In Situ Monitoring of Fast Li-Ion Conductor Li7P3S11 Crystallization Inside a Hot-Press Setup

Rechargeable solid-state lithium ion batteries (SSLB) require fast ion conducting solid electrolytes (SEs) to enable high charge and discharge rates. Li7P3S11 is a particularly promising lithium solid electrolyte, exhibiting very high room temperature conductivities of up to 17 mS·cm–1 and high ductility, allowing fast ion transport through the bulk and intimate contact to high surface electrodes. Here we present a novel hot-press setup that facilitates the synthesis of solid electrolytes by combining in situ electrochemical impedance spectroscopy (EIS) with simultaneous temperature- and pressure-monitoring.
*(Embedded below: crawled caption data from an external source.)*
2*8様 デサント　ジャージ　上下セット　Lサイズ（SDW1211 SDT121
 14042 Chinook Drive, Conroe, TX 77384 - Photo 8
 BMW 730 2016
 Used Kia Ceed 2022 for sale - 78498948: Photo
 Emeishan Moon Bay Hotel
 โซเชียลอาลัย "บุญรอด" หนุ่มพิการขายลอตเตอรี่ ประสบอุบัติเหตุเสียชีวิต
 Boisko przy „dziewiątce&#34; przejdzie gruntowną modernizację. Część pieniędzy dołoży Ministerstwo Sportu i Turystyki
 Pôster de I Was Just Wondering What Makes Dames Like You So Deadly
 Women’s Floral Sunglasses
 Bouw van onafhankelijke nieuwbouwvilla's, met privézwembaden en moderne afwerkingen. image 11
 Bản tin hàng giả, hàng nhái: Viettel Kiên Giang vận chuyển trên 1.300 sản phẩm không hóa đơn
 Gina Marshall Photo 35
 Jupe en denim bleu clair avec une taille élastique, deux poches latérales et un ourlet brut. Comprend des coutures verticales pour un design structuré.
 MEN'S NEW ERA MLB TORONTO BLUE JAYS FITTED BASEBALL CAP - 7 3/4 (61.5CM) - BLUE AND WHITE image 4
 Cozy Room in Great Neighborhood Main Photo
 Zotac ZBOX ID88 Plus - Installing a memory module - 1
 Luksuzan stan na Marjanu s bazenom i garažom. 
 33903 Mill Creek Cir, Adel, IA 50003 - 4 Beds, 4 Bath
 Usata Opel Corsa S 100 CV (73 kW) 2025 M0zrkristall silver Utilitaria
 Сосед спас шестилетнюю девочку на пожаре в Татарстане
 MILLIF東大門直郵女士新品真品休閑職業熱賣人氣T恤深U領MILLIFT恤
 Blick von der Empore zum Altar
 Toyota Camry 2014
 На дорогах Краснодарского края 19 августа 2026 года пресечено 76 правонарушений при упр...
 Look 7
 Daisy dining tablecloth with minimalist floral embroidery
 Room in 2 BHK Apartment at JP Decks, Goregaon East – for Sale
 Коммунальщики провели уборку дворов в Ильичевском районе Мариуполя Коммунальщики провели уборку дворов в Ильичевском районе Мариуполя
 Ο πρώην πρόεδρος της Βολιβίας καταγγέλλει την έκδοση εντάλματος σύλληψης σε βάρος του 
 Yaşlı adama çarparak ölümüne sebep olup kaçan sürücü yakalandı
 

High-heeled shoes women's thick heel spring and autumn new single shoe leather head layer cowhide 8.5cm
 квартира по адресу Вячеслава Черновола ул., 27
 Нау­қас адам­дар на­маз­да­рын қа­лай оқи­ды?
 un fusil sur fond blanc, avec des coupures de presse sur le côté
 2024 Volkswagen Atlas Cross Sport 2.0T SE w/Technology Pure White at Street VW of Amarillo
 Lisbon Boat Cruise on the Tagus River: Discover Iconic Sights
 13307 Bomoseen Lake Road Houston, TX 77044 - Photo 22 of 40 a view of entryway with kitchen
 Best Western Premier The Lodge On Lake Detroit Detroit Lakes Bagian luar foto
While a high room temperature conductivity in the order of 10 mS·cm–1 is readily achieved for phase pure Li7P3S11 with this design, it further enables monitoring of the different steps of crystallization from an amorphous Li2S–P2S5 glass to triclinic Li7P3S11. Nucleation, crystallization andat temperatures exceeding 280 °Cdecomposition of the material are analyzed in real time, enabling process optimization. The results are supported ex situ by means of X-ray diffraction, X-ray photoelectron spectroscopy, scanning electron microscopy and Raman spectroscopy. Proof-of-principle experiments show the promising cycling- and rate capability of Li0.3In0.7/Li7P3S11/S-composite all-solid-state batteries. It is furthermore presented that discharging below a limit of 1.2 V results in decomposition of the SE/cathode interface.